Real-Time Bidding transparency via Ads.txt
Web privacy and transparency engineering can work both for businesses and users. Sometimes technologies can effectively open the opportunities for enhancing transparency even without a clear intention of doing so.
In this post, I’m analyzing the extension to OpenRTB (Real-Time Bidding specification) which is meant to decrease the rate of fraud in programmatic advertising. One of the side-effects of the specification is also boosting transparency for users.
Real-Time Bidding (RTB) is a system fuelling a multi-billion dollar programmatic advertising industry. In this paradigm, bidders compete for impressions in online auctions. Imagine tens or hundreds of bidders attempting to buy the opportunity to direct a message (such as ad) to the user. I am interested in those systems for a while now, especially in the security and privacy aspects. In the past I’ve made some works in the domain (e.g. Privacy & value analysis, flows, transparency). Back in 2013 I was analyzing how RTB auctions can be abused and how messages of political nature may be channeled via these systems. These days we either call it political PR, or sometimes FakeNews. It’s actually a day-to-day reality.
Another aspect of my consideration was fraud.
To keep it short. Real-Time Bidding involves auctions selling users data. They are also routinely misused to serve malware (malvertising). Additionally, fraudsters can benefit from the system to, well, obtain monetary income via fraudulent activities. Think click-fraud - fake clicks on ads. Fraud is a real issue and the expected loss is supposed to reach as high as $16 billion.
But in the RTB world, fraud can be even more clever. In a RTB spoofing attack, attackers can claim they’re selling ads on valuable sites, for example New York Times, while in fact they only offer space on pretty much unknown website. In other words - publishers such as NYT are discovering that someone (for simplicity - a rogue Ad Exchange) is offering ads on their sites, though in reality this is not the case. Spoofing frauds are enabled by the fact that RTB has no notion of trust or an option to verify whether the offered ad space is really on sale. There are many other abuse methods, but this particular one might soon be solved.
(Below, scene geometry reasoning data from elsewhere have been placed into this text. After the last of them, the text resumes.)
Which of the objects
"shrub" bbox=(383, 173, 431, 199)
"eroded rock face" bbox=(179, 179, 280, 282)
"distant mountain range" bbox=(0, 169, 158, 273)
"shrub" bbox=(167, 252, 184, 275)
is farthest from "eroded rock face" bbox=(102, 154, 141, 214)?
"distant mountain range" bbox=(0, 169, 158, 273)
Internet Advertising Bureau introduced a specification which can allow publishers (such as New York Times or CNN) to indicate which parties can offer ad space on their site. The standard is called Ads.txt (Authorized Digital Sellers) and is pretty close to the well-known robots.txt. But Ads.txt is strictly about programmatic advertising. The specification itself can be found here.
The specification contributors listed in the specification come pretty often from key industry players. It’s a good question why the spec is designed in a way making it seemingly difficult to use the actual solution, or to develop and extend it. And it will apparently be extended to support subdomains, mobile apps, and so on.
The specification is very new and is not yet well adopted, but you can see it for example on Washington Post site:
indexexchange.com, 183960, DIRECT
adtech.com, 10316, DIRECT
aolcloud.net, 10316, DIRECT
appnexus.com, 7466, DIRECT
google.com, pub-3980300725513096, DIRECT
c.amazon-adsystem.com, 3041, DIRECT
openx.com, 537108359, DIRECT
openx.com, 537143344, RESELLER
teads.tv, 12293, DIRECT, 15a9c44f6d26cbe1
teads.tv, 10794, DIRECT, 15a9c44f6d26cbe1
google.com, pub-1995032544933848, DIRECT
I’ll simplify the description here. It’s a comma-separated file, where each line indicates a domain of the ad exchange (holds RTB auctions), the account ID (i.e. the ID of New York Times in AppNexus or Doubleclick ad exchanges), and the relationship. DIRECT means direct sell of ads spaces, RESELLER means ability to resell it forward.
The mechanism is pretty simple. Just a text file, rather manageable, and may deliver on its promise - after all, if publishers are concerned with fraudulent traffic, they should be interested in the little effort of boosting transparency/authenticity of programmatic ads. Again, it’s transparency in programmatic ads, not for web users.
In 2014, I co-authored the first privacy analysis of RTB (Selling Off Privacy at Auction). I also released a transparency enhancing technology which showed the price (in dollars) that someone has been paying for a visit of a particular user to a website. It all worked in real-time. Back then, it was necessary to perform a lot of processing to detect that: a site is displaying ads served via RTB, and the monetary value.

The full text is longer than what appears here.